= PROBLEM =
Would you return exactly the lines from the top of the data below through the one containing "This slide illustrates", leaving out the pictures?
Top of SUPPLIED MATERIAL
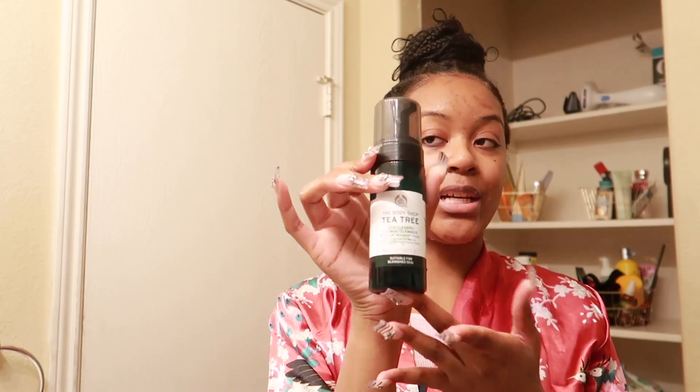Now that my face has some moisture in it, I do like to put a little hot water splash on my face. It makes it easier for my cleanser because it just pushes the moisture into my skin. I like to use the Tea Tree Skin Clearing Foaming Cleanser — this is my favorite cleanser right now. I take about three pumps and that's going to be enough for my entire face.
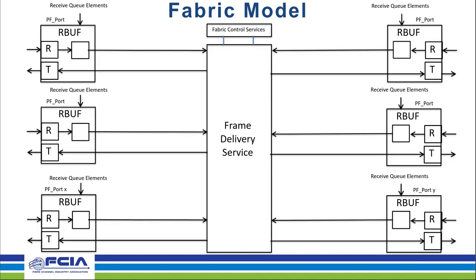This slide illustrates sample fabric model components. Taking one from the top left, we have a PF port with its transmitter and receiver buffer with associated receive buffer and receive queue elements. All these PF ports are attached to the frame delivery service, which has fabric control services associated with it. There are two or more PF ports and it's all implementation specific.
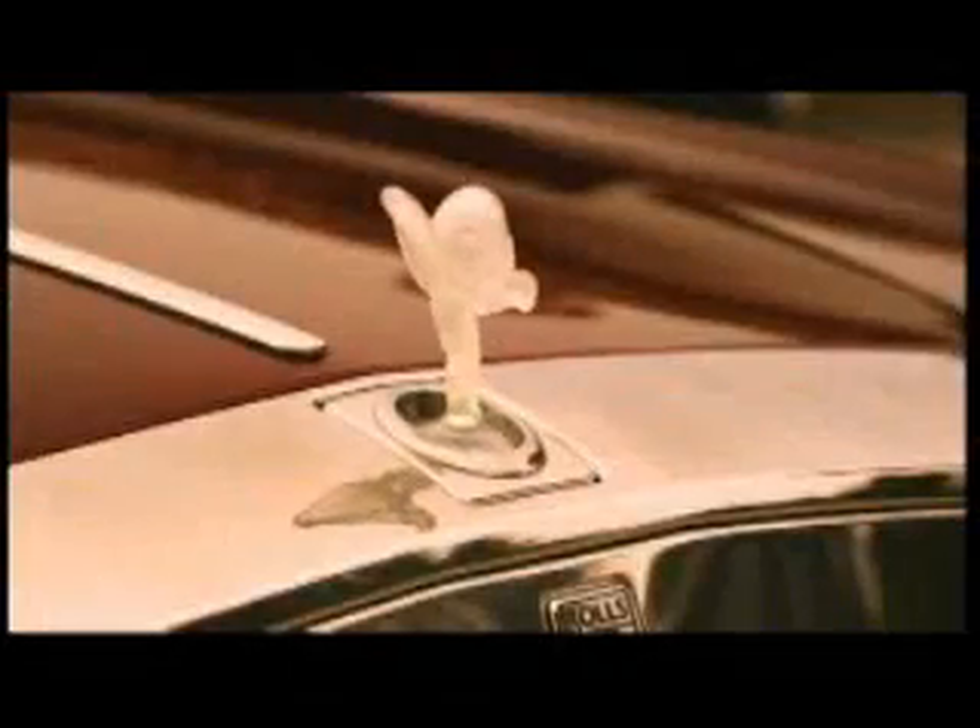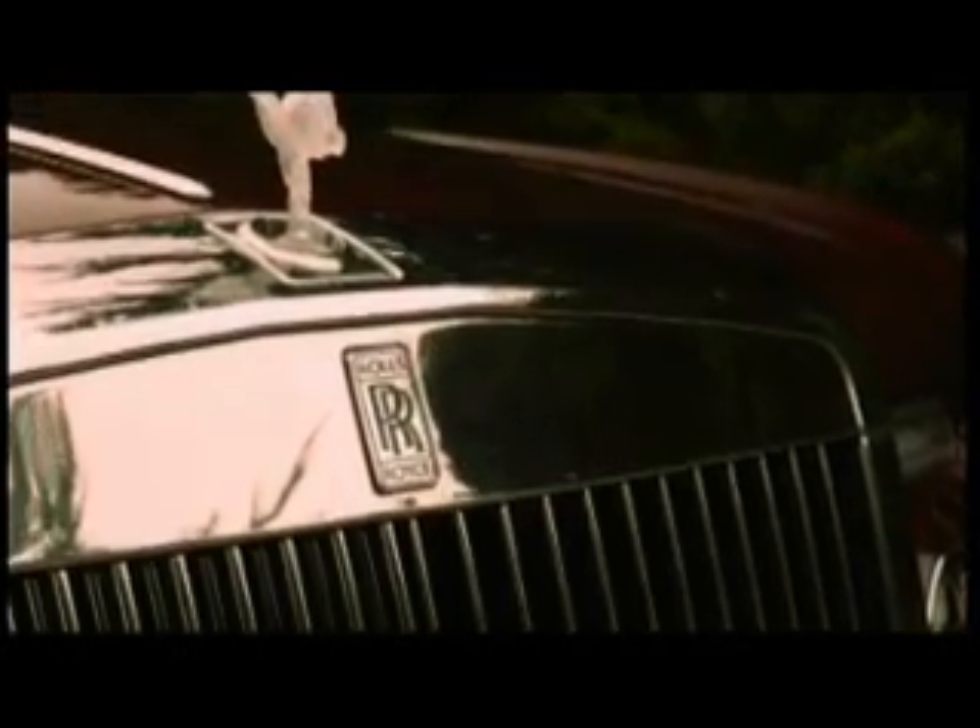Despite demand for new cars across Europe falling, luxury manufacturer Rolls-Royce has seen a surge in sales this year, much of it due to their unique bespoke offering whereby a client can specify their own personalised features.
Bottom of SUPPLIED MATERIAL
= TASK SOLUTION =
Now that my face has some moisture in it, I do like to put a little hot water splash on my face. It makes it easier for my cleanser because it just pushes the moisture into my skin. I like to use the Tea Tree Skin Clearing Foaming Cleanser — this is my favorite cleanser right now. I take about three pumps and that's going to be enough for my entire face.
This slide illustrates sample fabric model components. Taking one from the top left, we have a PF port with its transmitter and receiver buffer with associated receive buffer and receive queue elements. All these PF ports are attached to the frame delivery service, which has fabric control services associated with it. There are two or more PF ports and it's all implementation specific.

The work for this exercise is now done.